“Ah! my dear Wilfrid,” he sighed. “It is really terrible—too terrible.”
“This is not the moment to discuss the affair. We must act,” I urged, and together we got over a gate and turned into a grass field which was a shorter cut to the wood.
“This way,” my friend directed. “The spot is up at that corner,” pointing away up the hill, where the wood loomed darkly against the sky.
Truth to tell, I shared Eric’s fear that Harris or one of his sons might be lurking in the neighbourhood, yet I said nothing. My only thought was for the woman who had been my friend, my playmate, the dainty love of my early youth. She might be all that her enemies said of her, yet for her mother’s sake, for Jack’s sake, I meant—if possible—to save her.
Keeping in the shadow of the hedgerows and walls, I allowed my companion to direct my footsteps. With his long practice in those boundless forests of eternal night in Equatorial Africa, he had learnt how to creep along with scarce a sound. He motioned to me to be silent, and presently we crossed the big turnip field and entered the thicket at the point where he had entered it that afternoon.
“This will destroy my track,” he whispered. “Tread always on your toes.”
His example I followed, malting my way through the brambles and undergrowth until, of a sudden, we came out into a small open space beneath some big trees on the edge of the wood itself, and there upon the ground I saw something lying. In the darkness I could not distinguish what it was, but Eric advanced slowly, and bending, turned to me, saying in a low whisper,—
“Here it is. But how can we search him without a light? If we strike a match it can be seen by anyone coming up the hill.”
I knelt at his side and ran my hands over the cold corpse. Ah! it was a gruesome moment. My eager fingers unbuttoned his jacket that was wet and clammy with blood, and quickly I put my fingers in his inner pocket. Yes! there were papers there. Quick as thought I thrust them into my own pocket, and then in the darkness searched his clothes thoroughly.

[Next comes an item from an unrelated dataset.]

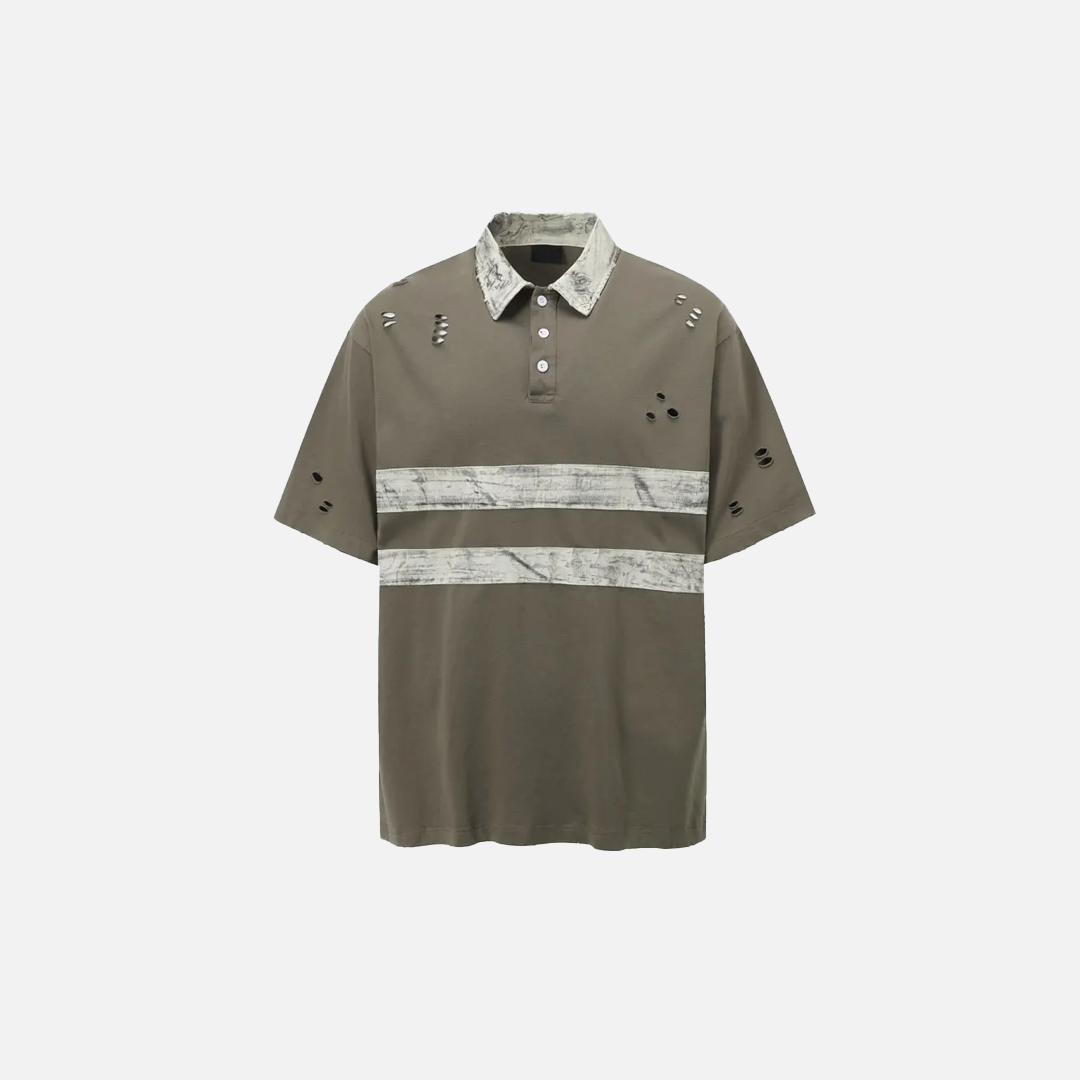 Retro Punk Grunge Patched Ripped Polo Collar T-Shirt - Luxuryurbanwear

In his hip-pocket I felt a small leather wallet or card-case, and in his left-hand trousers pocket was a pen-knife, both of which I secured; while Eric, making another search of his waistcoat, discovered an inner pocket which contained some paper or other, which he handed to me.
To search a dead man in the darkness is not the easiest thing, and even though we had gone through his pockets, yet I was not satisfied.